**Data items:**

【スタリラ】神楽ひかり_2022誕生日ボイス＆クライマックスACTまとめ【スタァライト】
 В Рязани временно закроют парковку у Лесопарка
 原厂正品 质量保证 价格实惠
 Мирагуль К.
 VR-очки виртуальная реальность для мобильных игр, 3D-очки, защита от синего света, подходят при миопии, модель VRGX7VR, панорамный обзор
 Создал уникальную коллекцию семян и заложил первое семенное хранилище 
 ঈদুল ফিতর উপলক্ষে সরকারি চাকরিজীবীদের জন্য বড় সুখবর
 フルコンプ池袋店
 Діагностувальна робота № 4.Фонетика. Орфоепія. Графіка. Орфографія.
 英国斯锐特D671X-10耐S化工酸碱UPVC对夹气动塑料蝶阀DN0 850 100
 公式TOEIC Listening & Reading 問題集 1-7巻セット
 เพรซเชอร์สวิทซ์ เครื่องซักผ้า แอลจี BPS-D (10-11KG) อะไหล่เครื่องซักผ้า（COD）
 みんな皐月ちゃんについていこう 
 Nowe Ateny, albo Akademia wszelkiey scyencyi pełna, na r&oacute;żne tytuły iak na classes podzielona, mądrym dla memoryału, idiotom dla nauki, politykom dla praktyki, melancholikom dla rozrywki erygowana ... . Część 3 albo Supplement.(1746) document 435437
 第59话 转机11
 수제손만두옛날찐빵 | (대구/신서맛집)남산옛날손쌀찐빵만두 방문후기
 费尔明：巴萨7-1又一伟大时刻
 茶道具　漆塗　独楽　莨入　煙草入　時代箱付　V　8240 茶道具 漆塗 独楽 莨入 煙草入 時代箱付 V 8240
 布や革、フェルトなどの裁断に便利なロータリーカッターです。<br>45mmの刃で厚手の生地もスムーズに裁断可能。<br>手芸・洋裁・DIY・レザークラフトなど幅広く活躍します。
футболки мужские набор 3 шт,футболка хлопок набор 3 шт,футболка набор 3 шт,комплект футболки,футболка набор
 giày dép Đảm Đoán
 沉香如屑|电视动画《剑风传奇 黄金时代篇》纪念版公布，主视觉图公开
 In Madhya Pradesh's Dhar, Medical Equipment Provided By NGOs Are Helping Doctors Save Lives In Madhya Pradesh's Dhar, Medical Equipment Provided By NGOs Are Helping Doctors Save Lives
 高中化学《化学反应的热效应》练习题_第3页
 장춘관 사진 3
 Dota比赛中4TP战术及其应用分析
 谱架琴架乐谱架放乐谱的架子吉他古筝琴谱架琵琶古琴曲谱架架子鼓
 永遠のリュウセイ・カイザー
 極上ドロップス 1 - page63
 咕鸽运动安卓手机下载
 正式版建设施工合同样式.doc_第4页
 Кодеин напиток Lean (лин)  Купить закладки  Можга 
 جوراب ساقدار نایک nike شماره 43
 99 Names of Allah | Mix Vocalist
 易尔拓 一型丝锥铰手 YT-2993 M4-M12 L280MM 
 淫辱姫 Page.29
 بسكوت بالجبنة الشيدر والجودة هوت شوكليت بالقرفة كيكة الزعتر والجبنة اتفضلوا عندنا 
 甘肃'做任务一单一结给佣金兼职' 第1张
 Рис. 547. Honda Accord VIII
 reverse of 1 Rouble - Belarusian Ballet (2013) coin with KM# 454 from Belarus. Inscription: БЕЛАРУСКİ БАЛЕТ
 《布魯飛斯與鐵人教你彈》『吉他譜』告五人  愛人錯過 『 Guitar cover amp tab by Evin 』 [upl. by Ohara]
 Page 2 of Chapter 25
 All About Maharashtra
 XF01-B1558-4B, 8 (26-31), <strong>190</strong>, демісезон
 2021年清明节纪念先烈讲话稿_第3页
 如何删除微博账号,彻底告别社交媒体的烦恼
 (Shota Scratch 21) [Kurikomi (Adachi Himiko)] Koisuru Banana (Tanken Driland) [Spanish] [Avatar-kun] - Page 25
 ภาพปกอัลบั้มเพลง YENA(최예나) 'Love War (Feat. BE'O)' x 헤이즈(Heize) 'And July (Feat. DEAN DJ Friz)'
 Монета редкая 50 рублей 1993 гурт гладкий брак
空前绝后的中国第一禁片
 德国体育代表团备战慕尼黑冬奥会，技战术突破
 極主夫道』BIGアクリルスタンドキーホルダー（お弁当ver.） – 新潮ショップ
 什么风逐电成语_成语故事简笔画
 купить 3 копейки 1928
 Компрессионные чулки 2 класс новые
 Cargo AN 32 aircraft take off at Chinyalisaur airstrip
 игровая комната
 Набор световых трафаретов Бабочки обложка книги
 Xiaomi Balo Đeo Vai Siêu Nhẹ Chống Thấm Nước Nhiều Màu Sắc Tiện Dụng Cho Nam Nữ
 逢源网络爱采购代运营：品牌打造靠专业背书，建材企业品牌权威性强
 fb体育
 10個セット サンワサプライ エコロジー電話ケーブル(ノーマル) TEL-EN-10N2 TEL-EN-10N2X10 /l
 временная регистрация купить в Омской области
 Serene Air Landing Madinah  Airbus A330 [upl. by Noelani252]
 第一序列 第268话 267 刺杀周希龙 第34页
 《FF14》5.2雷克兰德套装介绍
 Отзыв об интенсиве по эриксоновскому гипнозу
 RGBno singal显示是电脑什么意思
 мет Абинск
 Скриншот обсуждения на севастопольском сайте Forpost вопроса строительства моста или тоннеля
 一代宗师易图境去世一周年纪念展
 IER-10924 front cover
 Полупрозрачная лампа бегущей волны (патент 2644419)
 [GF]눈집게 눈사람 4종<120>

**The problem:**
Where the data above reaches the line holding "極主夫道』BIGアクリルスタンドキーホルダー（お弁当ver.） – 新潮ショップ", begin printing, and stop after the line holding "Отзыв об интенсиве по эриксоновскому гипнозу". Each line must be reproduced exactly, with nothing else added.

**Answer box:**
 極主夫道』BIGアクリルスタンドキーホルダー（お弁当ver.） – 新潮ショップ
 什么风逐电成语_成语故事简笔画
 купить 3 копейки 1928
 Компрессионные чулки 2 класс новые
 Cargo AN 32 aircraft take off at Chinyalisaur airstrip
 игровая комната
 Набор световых трафаретов Бабочки обложка книги
 Xiaomi Balo Đeo Vai Siêu Nhẹ Chống Thấm Nước Nhiều Màu Sắc Tiện Dụng Cho Nam Nữ
 逢源网络爱采购代运营：品牌打造靠专业背书，建材企业品牌权威性强
 fb体育
 10個セット サンワサプライ エコロジー電話ケーブル(ノーマル) TEL-EN-10N2 TEL-EN-10N2X10 /l
 временная регистрация купить в Омской области
 Serene Air Landing Madinah  Airbus A330 [upl. by Noelani252]
 第一序列 第268话 267 刺杀周希龙 第34页
 《FF14》5.2雷克兰德套装介绍
 Отзыв об интенсиве по эриксоновскому гипнозу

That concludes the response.